(CNN) -- Referees' union Prospect says it considers the statement issued by Chelsea regretting its allegations of racial abuse against match official Mark Clattenburg 'as an apology'.
In a joint statement with referees' body Professional Game Match Officials Limited (PGMOL) and the Premier League, the European champions regretted 'not having given more consideration before issuing a statement' on 28 October accusing the referee or racism.
Last week, England's Football Association said there was 'no case to answer' over allegations that Clattenburg, 37, had racially abused Nigerian midfielder John Obi Mikel during Chelsea's 3-2 home defeat by Manchester United.
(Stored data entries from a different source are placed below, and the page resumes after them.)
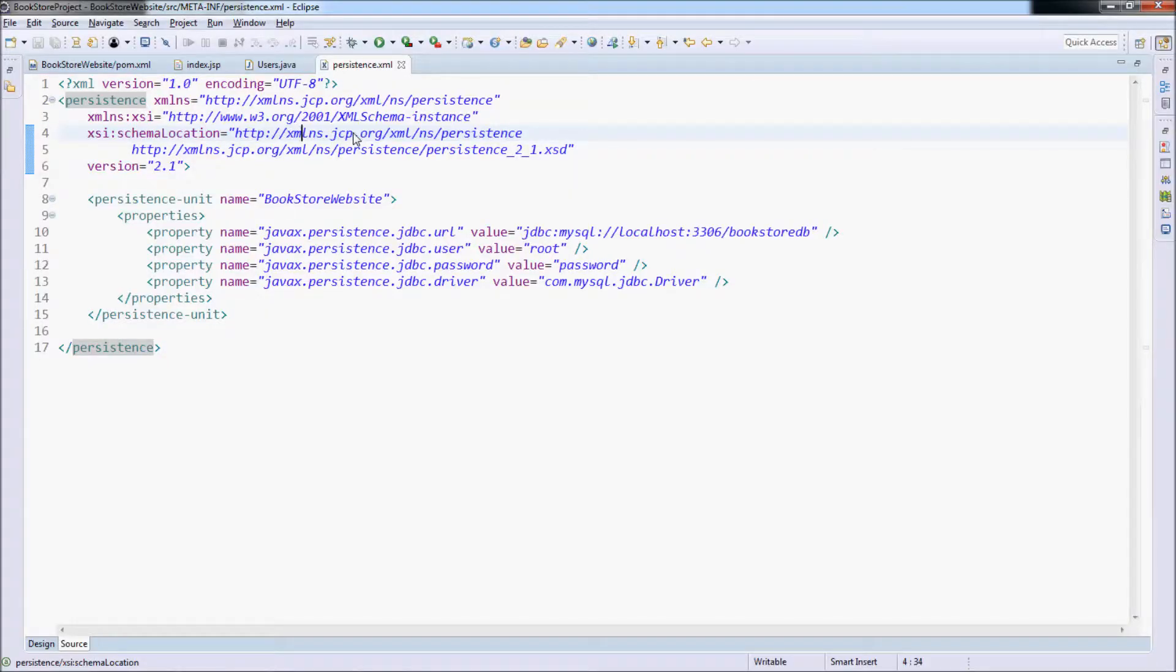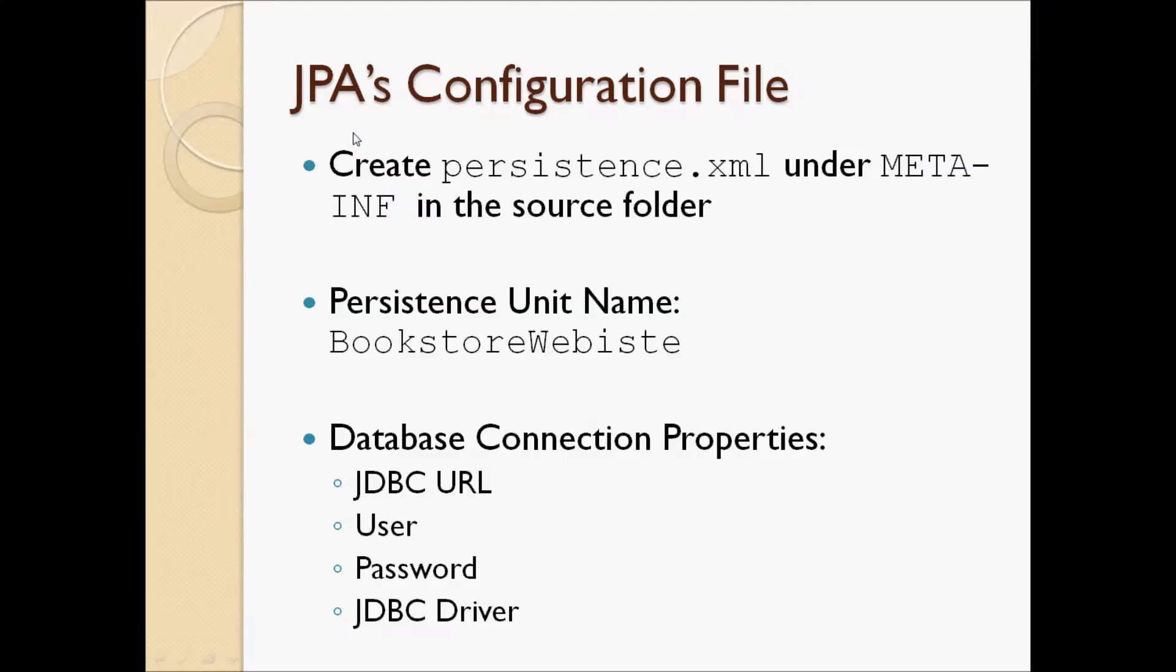And now we need to write a simple test program to verify if we have done the mapping and configuration correctly. This program simply creates a new user's object and puts it to the database.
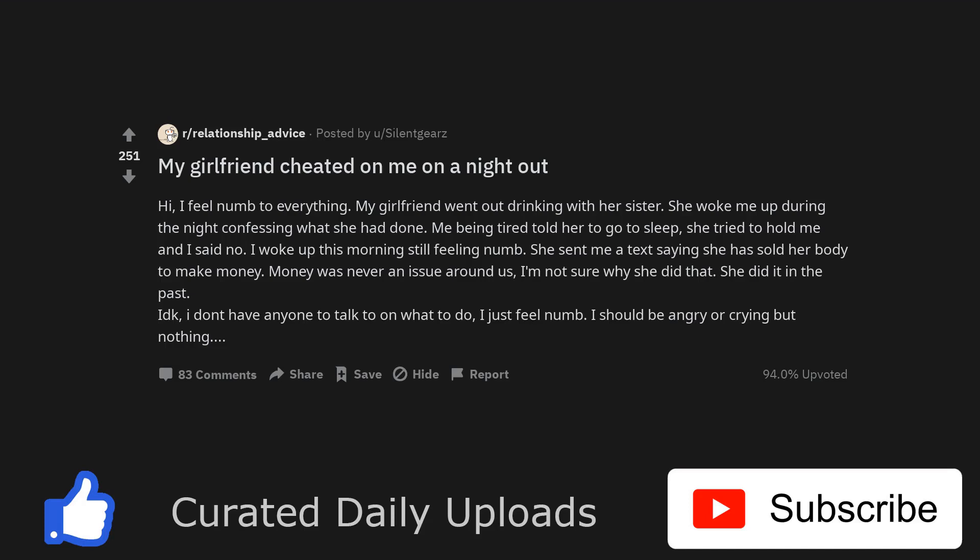My girlfriend cheated on me on a night out. I feel numb to everything. My girlfriend went out drinking with her sister. She woke me up during the night confessing what she had done. Me being tired told her to go to sleep, she tried to hold me and I said no. I woke up this morning still feeling numb.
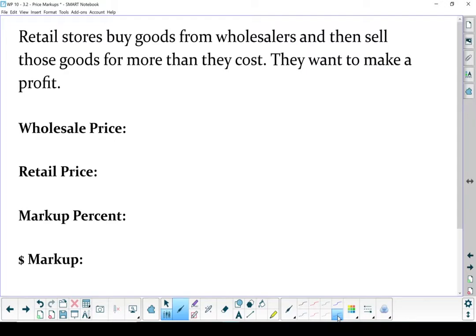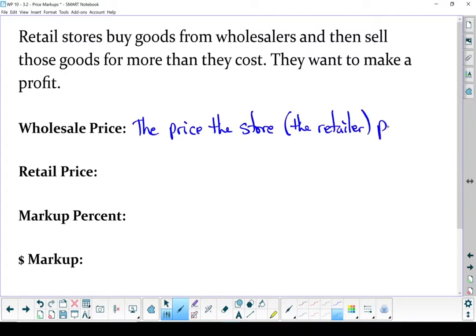That's what it costs them. The retail price is what the customer pays, and the retail price is usually higher than the wholesale price. If it's not, the store doesn't make any money.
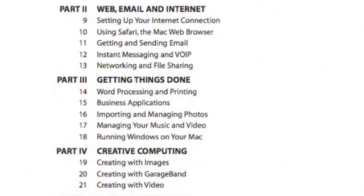In Part 3 I look at things that help you get things done. I talk about iWork and also a lot of third-party business applications that you can get. I also look at managing your photos — using iPhoto and using iTunes to manage music and video. In Chapter 18 I go on to look at running Windows on your Mac using Boot Camp and third-party applications like Parallels and VMware.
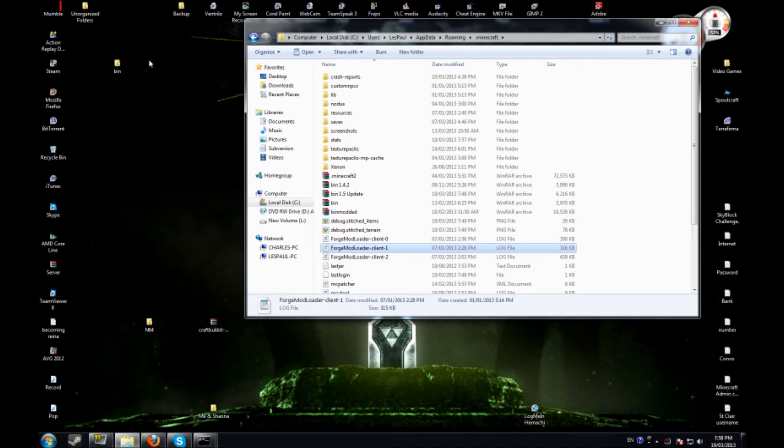Hey what's going on guys, this is OverlordKratos here and today I'll be showing you how to install the client that I'm using onto your Minecraft itself.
This followed a decision by police earlier this month to end their inquiries into the incident because of a lack of evidence.
"The use of the word "regrets" in relation to the swift issue of the club's statement publicizing the allegation ... and in relation to the impact on Mark and his family, were tantamount to and accepted by Mark and the group as an apology'," said Prospect in a statement.
The union also revealed that it has now dropped its demand for Chelsea to pay compensation in light of the statement released on Tuesday.
"The club regrets not having given more consideration before issuing a statement on the evening of Sunday 28th October," it read.
"The club also regrets the subsequent impact the intense media scrutiny had on Mark Clattenburg and his family.
"The referees accept that, given Chelsea FC had received a good faith claim from one of their employees, the club had an obligation under FA rules to report the allegation.
"Chelsea FC made it clear they would welcome Mark Clattenburg back to Stamford Bridge in the future and PGMOL would have no issue in appointing him to a Chelsea FC match going forward.
"All parties now believe it is time to draw a line under this incident, learn from it and move on for the good of all Premier League clubs, players and match officials."
The statement followed a meeting on Monday that included Clattenburg, Chelsea chairman Bruce Buck, PGMOL general manager Mike Riley and Premier League chief executive Richard Scudamore.
The accusations arose after Chelsea midfielder Ramires claimed that the referee, who missed four weekends of Premier League matches while the FA investigated the allegations, had used racial language towards Mikel.
After being cleared by the FA last week, Clattenburg issued a statement of his own, saying: "To know you were innocent of something but that there was the opportunity for it to wreck your career was truly frightening."
Chelsea's allegations against Clattenburg came shortly after their captain John Terry had received a four-game ban following his racial abuse of Queens Park Rangers defender Anton Ferdinand in a Premier League game last year.
On Wednesday, the referee will take charge of Southampton against Norwich City as Clattenburg returns to officiating a Premier League game for the first time since the allegations arose.